This Week host George Stephanopoulos grills Treasury Secretary Steve Mnuchin over the Trump tax reform proposal. Mnuchin claims the tax plan will include no tax cuts for the wealthy, benefits for the middle class and a near $1 trillion cut in the deficit. However, Mnuchin said while the objective is a tax cut for the middle class, he could not make a "guarantee" that would happen.
GEORGE STEPHANOPOULOS, THIS WEEK: Let's take it now to the president's Treasury secretary, Steve Mnuchin, joining us this morning.
Mr. Secretary, thank you for joining us this morning.
We just heard the president right there, also, you and your colleagues have said the wealthy will not get a tax code under the plan.
But it's really hard to see how that can possibly be true, given the fact that your plan proposes cutting the top rate, eliminating the estate tax, eliminating the alternative minimum tax, cutting that rate on pass-through entities.
And the non-partisan Tax Policy Center calculates that 80 percent of the benefits will flow to the top 1 percent. We're going to show that chart right now.
Almost every group getting a tax cut, but the wealthiest getting the most.
That's just a fact, isn't it?
STEVE MNUCHIN, SECRETARY OF TREASURY: George, first of all, it's great to be with you this morning. And that's not a fact.
As we release the details of the plan, we'll show the -- all the different impacts to different people. And as the president has said all along, the changes to the income tax system are meant to create middle income tax cuts and also make corporate and business tax competitive so we can bring back tons and tons of jobs and capital to this country.
STEPHANOPOULOS: I know that's the objective, but based on the evidence you've put out so far, all those cuts I just talked about, that will benefit the wealthiest the most.
MNUCHIN: Well, George, I just don't think that's the case. As we've talked about changes in the the top bracket are offset with elimination of almost every single type of deduction other than charitable giving and the mortgage interest deduction.
And, you know, this has impact to different people in different states, but again, we'll go through all the details as we go through the Congressional process of the House and the Senate and we'll show all the distributions.
And as it relates to pass-throughs, this is about creating jobs.
A huge component of the businesses in this country are pass-throughs and we want to make sure they have the necessary tax relief to go out and hire more workers and invest more capital.
STEPHANOPOULOS: You know, Secretary, I just don't understand how you can say, based on everything you've put out so far, that it's not a tax cut for the wealthy. Even the vice president has said these are across the board tax cuts. The wealthy pay most of the taxes. They are getting tax cuts there. They are going to get benefits.
MNUCHIN: Well, George, in the high tax states, the impact is about 5 or 6 percent. So if we cut the rate down to 35 percent, that's actually an increase for the wealthy in the high tax states. And as we've said, we're considering what we do. If there is a need for a fourth bracket to create more relief.

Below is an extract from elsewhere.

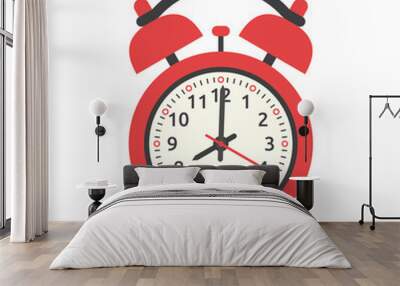 Red alarm clock isolated Wall mural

So this will all continue to go through the Congressional process.
STEPHANOPOULOS: But eliminating the estate tax will only go to the wealthiest Americans, those that have estates greater than $11 million.
MNUCHIN: Well, you are correct in that sense. And, again, we've been talking about the income tax system. As it relates to estate tax, you know, the death tax, we believe that people get taxed once and not twice. And that will enable them to keep lots of family businesses passed along.
But the estate tax, you are correct. The majority of the estate tax is paid by the wealthy. So we're focused on changes to the income tax system.
STEPHANOPOULOS: But you've proposed to eliminate the estate tax.
On those changes to the income tax system, if I understand you correctly, you say the objective is that the wealthiest will not get a benefit.
So are you saying that the president is going to veto a final bill if it provides a tax cut to the wealthiest Americans?
MNUCHIN: The president very want -- much wants to get tax reform done, because it's critical to the growth in the economy, and that's something we've been talking about since the campaign.
We fundamentally believe we can get back to sustained 3 percent GDP or higher, which adds literally millions and millions of jobs and over $10 trillion to GDP. And that's our focus.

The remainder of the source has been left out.